DATA TO PROCESS
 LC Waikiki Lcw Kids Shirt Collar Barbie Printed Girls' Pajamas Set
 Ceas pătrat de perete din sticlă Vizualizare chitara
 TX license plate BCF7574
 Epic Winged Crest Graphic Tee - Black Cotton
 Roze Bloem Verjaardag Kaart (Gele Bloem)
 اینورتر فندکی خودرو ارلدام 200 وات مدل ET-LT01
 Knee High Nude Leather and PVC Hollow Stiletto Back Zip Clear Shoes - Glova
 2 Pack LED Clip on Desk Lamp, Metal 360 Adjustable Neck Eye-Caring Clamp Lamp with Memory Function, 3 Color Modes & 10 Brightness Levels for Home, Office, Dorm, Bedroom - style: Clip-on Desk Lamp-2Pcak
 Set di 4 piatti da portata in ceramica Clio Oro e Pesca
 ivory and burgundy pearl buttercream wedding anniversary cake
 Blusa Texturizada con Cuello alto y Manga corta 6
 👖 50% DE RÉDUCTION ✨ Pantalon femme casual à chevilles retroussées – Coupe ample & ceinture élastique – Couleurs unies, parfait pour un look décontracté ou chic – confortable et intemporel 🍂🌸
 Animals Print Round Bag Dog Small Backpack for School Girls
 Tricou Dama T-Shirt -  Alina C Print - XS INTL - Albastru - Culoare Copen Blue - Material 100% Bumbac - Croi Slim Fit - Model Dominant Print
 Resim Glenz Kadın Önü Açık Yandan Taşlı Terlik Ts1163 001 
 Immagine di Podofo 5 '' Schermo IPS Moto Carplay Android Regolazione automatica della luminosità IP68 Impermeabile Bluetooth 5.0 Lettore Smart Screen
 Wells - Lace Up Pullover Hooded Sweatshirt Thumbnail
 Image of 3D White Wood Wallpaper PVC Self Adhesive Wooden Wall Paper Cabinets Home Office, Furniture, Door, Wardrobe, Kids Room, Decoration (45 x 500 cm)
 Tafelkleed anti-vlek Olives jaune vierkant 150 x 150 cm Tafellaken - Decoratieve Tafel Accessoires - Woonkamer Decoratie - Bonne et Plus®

ACTIVITY
Each line above that contains the string "Office" should be identified and copied.

TASK RESULT
 2 Pack LED Clip on Desk Lamp, Metal 360 Adjustable Neck Eye-Caring Clamp Lamp with Memory Function, 3 Color Modes & 10 Brightness Levels for Home, Office, Dorm, Bedroom - style: Clip-on Desk Lamp-2Pcak
 Image of 3D White Wood Wallpaper PVC Self Adhesive Wooden Wall Paper Cabinets Home Office, Furniture, Door, Wardrobe, Kids Room, Decoration (45 x 500 cm)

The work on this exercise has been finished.